The Hard Truth About Money

(Page all of 2)

EVERYONE KEEPS SAYING the dollar went up last year, and I suppose that's true if your measures of choice are portraits of 19th century Japanese intellectuals and sketches of European architecture down through the ages.

The plucky buck is up some 11% since the end of 2004 (through Thursday) against both the euro and the yen, though it's been steadily losing ground over the last six weeks.

But of course the dollar is not "up" in any real sense of the word, not when measured against real assets, rather than similarly flabby fiat currencies. It's not up against gold, crude or wood. It's not up relative to Indian stocks, or Russian bonds, or electricity, or tomatoes, or Wall Street bonuses. And it's most certainly not outperforming real estate from Alicante to Zanzibar , including the distressed but hardly depressed hurricane alley along the U.S. Gulf Coast.

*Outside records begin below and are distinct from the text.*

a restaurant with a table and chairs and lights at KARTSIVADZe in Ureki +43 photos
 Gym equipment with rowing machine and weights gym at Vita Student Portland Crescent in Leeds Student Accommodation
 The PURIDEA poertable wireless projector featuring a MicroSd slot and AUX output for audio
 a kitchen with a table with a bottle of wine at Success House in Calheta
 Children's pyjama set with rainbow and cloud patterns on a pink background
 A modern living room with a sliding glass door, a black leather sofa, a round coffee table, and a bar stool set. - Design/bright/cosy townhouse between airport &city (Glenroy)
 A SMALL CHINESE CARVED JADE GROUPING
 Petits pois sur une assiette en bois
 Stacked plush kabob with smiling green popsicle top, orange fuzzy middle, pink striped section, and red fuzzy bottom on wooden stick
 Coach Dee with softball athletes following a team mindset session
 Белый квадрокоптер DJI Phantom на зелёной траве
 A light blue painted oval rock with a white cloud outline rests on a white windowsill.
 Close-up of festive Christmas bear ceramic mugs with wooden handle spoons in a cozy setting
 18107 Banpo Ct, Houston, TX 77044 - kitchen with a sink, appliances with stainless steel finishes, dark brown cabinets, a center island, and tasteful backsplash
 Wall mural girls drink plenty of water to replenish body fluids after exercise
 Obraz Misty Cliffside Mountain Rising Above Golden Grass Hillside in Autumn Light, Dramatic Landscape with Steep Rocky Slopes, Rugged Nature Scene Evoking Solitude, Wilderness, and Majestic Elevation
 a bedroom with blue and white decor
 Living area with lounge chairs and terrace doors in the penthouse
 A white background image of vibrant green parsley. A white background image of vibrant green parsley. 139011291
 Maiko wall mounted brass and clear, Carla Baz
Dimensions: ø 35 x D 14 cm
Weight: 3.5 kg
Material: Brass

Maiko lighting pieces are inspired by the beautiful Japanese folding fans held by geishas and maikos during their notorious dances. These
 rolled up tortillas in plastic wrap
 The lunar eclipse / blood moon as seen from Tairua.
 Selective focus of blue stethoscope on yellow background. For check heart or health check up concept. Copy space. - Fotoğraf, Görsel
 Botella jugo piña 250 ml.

All those asset booms suggest the dollar didn't really regain stature in 2005, so much as it benefited from the perceived failings of rivals. Japan is so starved for growth it's sticking with negative real interest rates to make sure the current recovery doesn't sputter. The euro zone has surplus workers it can't fire, disaffected immigrants no one will hire, endless budget squabbles that leave everyone feeling tired and a Frenchman in charge of the central bank. (Frenchmen are not good bankers, hence Switzerland.)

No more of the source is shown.